# lookin for new wheels...... need help



## JagerPwrd (Nov 30, 2008)

I will add a few pics of the car in its current state..( H&R springs , Koni struts ) cz this pic makes it look like a damn 4x4 .....








.....even with the sport springs its still miles off the ground, but its a daily and i commute 45+ mins each day
What you Guyz think?


----------



## TheBurninator (Jan 7, 2009)

*Re: lookin for new wheels...... need help (JagerPwrd)*

race springs go lower


----------



## JagerPwrd (Nov 30, 2008)

*Re: lookin for new wheels...... need help (TheBurninator)*

im really thinkin thats the way to go im gunna space out these in the next few days and get a few pics up with the sport springs on .. anyone got race springs in ? do they rub or ride wicked harsh ?


----------



## JagerPwrd (Nov 30, 2008)

*Re: lookin for new wheels...... need help (JagerPwrd)*

i was thinkin race springs and bentley splits ( i know they r kinda played out ...but i love them )


----------



## Snowhere (Jul 27, 2007)

*Re: lookin for new wheels...... need help (JagerPwrd)*

What are the specs on your current wheels? 20s? Are they reps, or the real thing? I have always liked the lambo wheel on derracuda's car, but he pulls them off a little better. It does not hurt that derracuda has the widebody 4.2. 

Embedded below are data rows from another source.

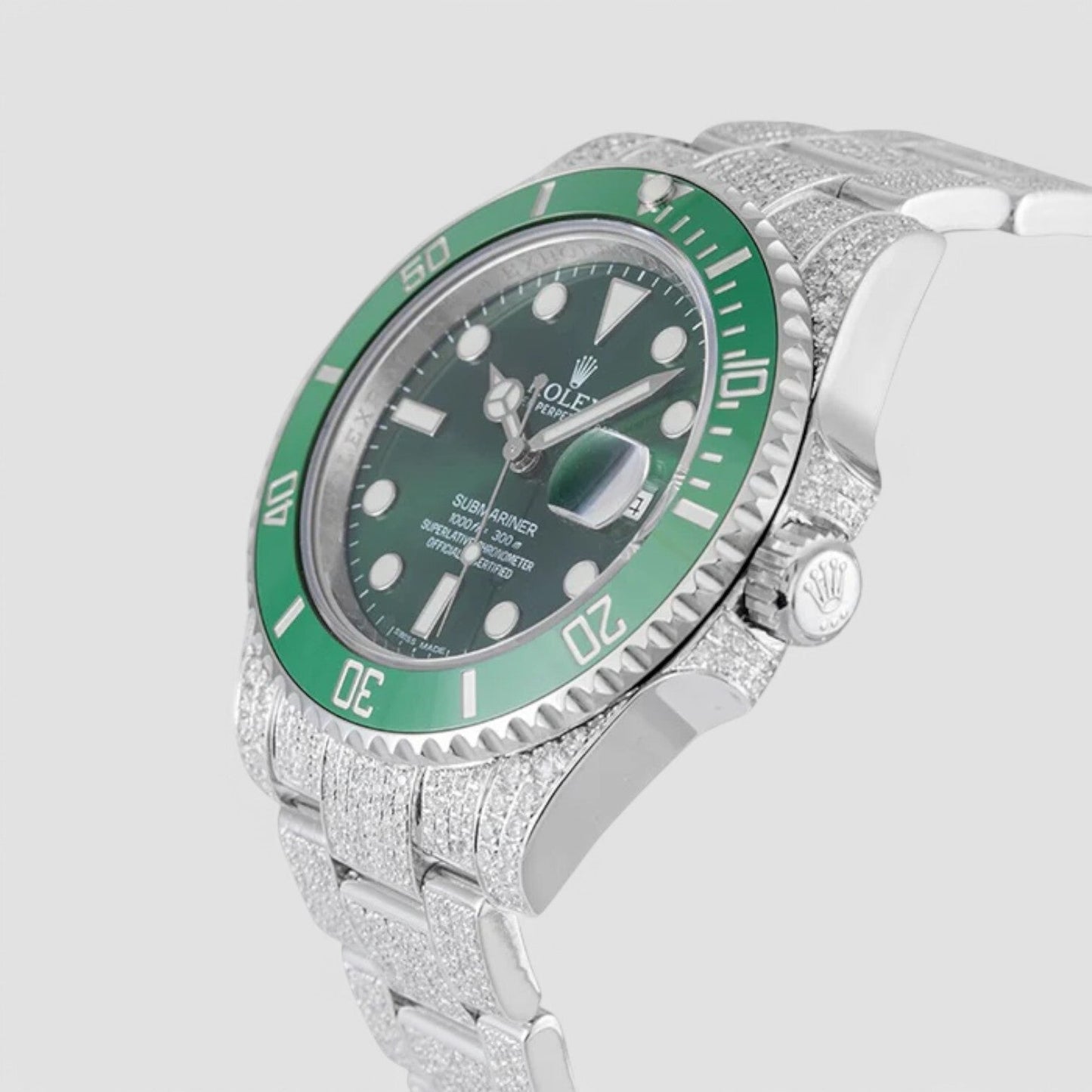 Rolex 116610LV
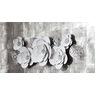 Glitz and Glam Metal Floral Art, , large
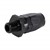 Fitting, Rubber -10 » 3/8" MPT, BLK Image 1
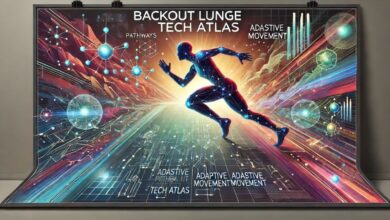 backout lunge tech atlas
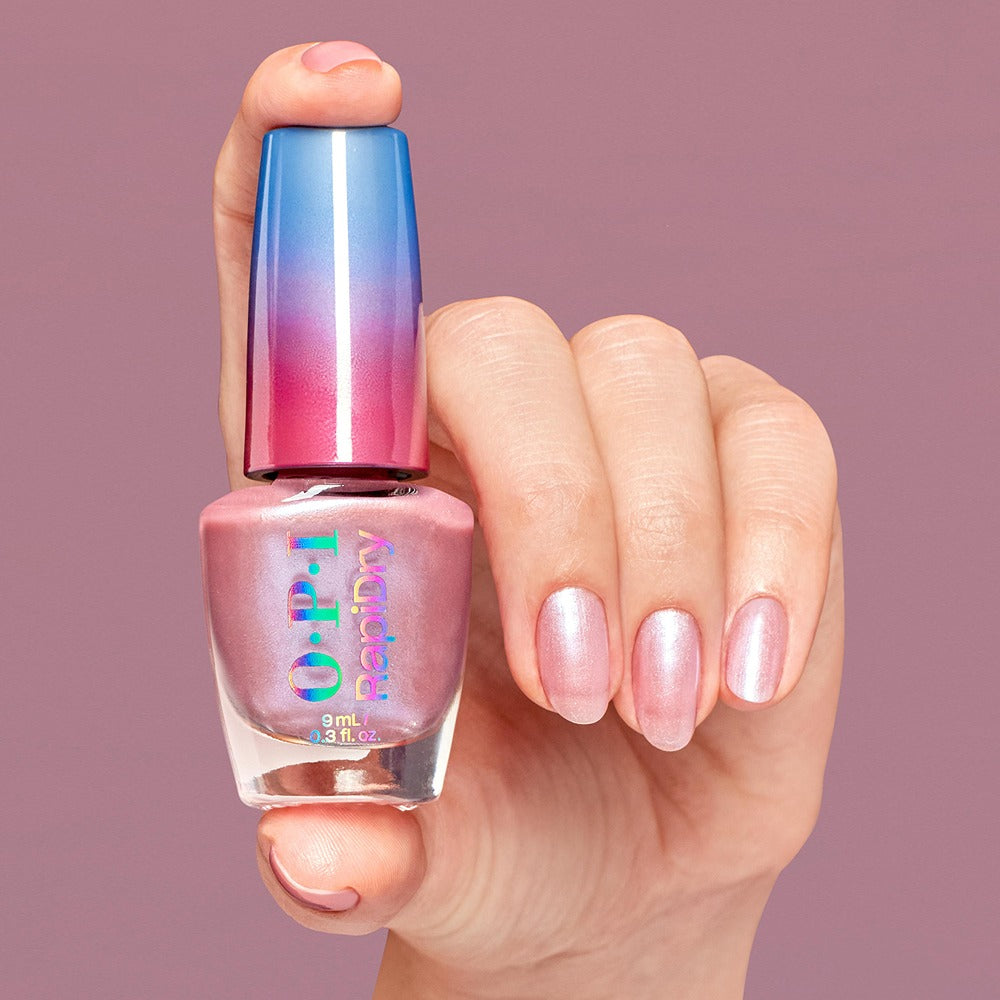 OPI RapiDry Flash n' Flirty - Lac de Unghii cu Uscare Rapida 9ml
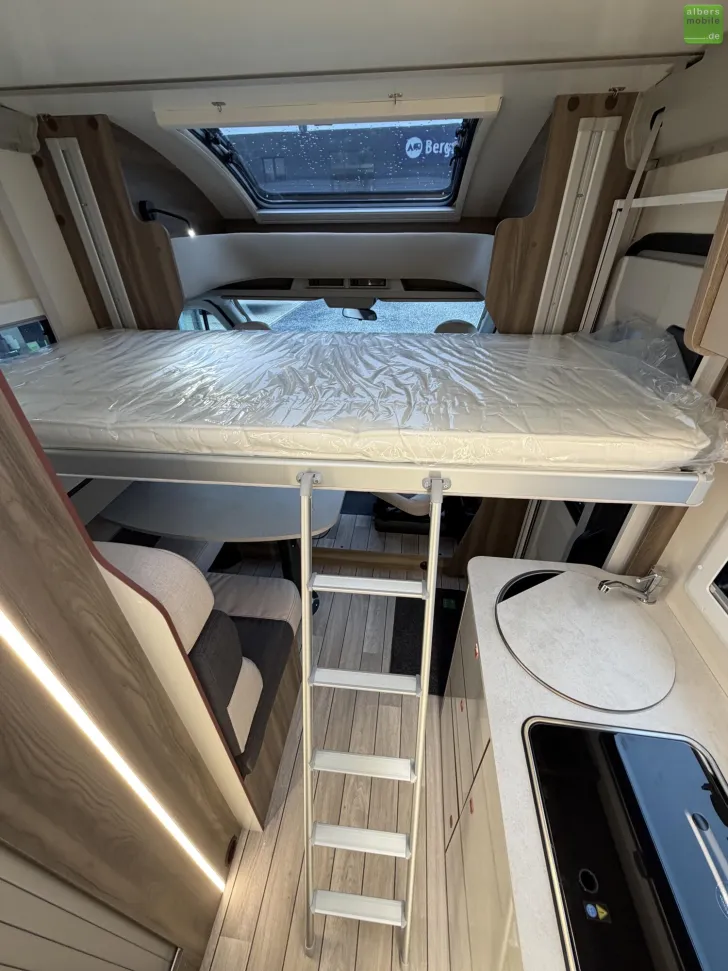 Fahrzeugbild Roller Team Kronos Fit 291 TL Winter Navi ACC 200WSolar 2026 #24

That's O.K. Burninator, no one says you have to have blacked out wheels on your white old lady car!










_Modified by Snowhere at 2:53 PM 1-21-2009_


----------



## TheBurninator (Jan 7, 2009)

*Re: lookin for new wheels...... need help (Snowhere)*

If they werent black they would look good... But I just have this bitter thing about blacked out cars/wheels


----------



## JagerPwrd (Nov 30, 2008)

*Re: lookin for new wheels...... need help (Snowhere)*

nah they r reps they look much better on the car with the springs and struts in they gotta be spaced too but on the student / bum budget its rough... i have come into some money and am lookin into other options but like i said it is my daily and my baby is my new mk2 1.8t swap project 
my dads car ( 08, s6) pulls of white car and colored wheels like no other check it 
















( winter set up)


_Modified by JagerPwrd at 3:20 PM 1-21-2009_


----------



## TheBurninator (Jan 7, 2009)

*Re: lookin for new wheels...... need help (JagerPwrd)*

sorry you wont turn me into someone that likes black wheels.
where did you find reps?


----------



## Massboykie (Aug 15, 2006)

*Re: lookin for new wheels...... need help (JagerPwrd)*


_Quote, originally posted by *JagerPwrd* »_.....even with the sport springs its still miles off the ground, but its a daily and i commute 45+ mins each day

Hey Jager
Sweet wheels. What size are those? I'm assuming it's a 4.2? Looking at the door blades. 
I was thinking of going lower with mine but here in NE the winter just sucks and potholes etc would be so much more of a bitch. Spending $1000 on coils is just too much, I'd rather spend that on power options...








Cheers
Massboykie


----------



## JagerPwrd (Nov 30, 2008)

*Re: lookin for new wheels...... need help (TheBurninator)*

ACH tuning has hook up for all oe style reps .... which personally is the only way to go raderwerks wheels has a nice selection too. i was gunna powder coat them gunmetal before puttin on the car but im so glad i didnt


----------



## JagerPwrd (Nov 30, 2008)

*Re: lookin for new wheels...... need help (Massboykie)*

they are 19's and in the pic above the car is sittin on stock springs and struts now its on H&R sport springs and Koni struts i live in pwling ny like an hour north of the city The car is actually a 3 liter with 4.2 door blades ...... if i could swap my sport spring for the race ones id prolly do it


----------



## HOOD RICK (Sep 1, 2008)

get coils and slam it!!!


----------



## JagerPwrd (Nov 30, 2008)

*Re: (HOOD RICK)*

believe me bro i want coils .... but i got H&R sport springs and Koni struts with about 2k miles on them and dont know what to do with them


----------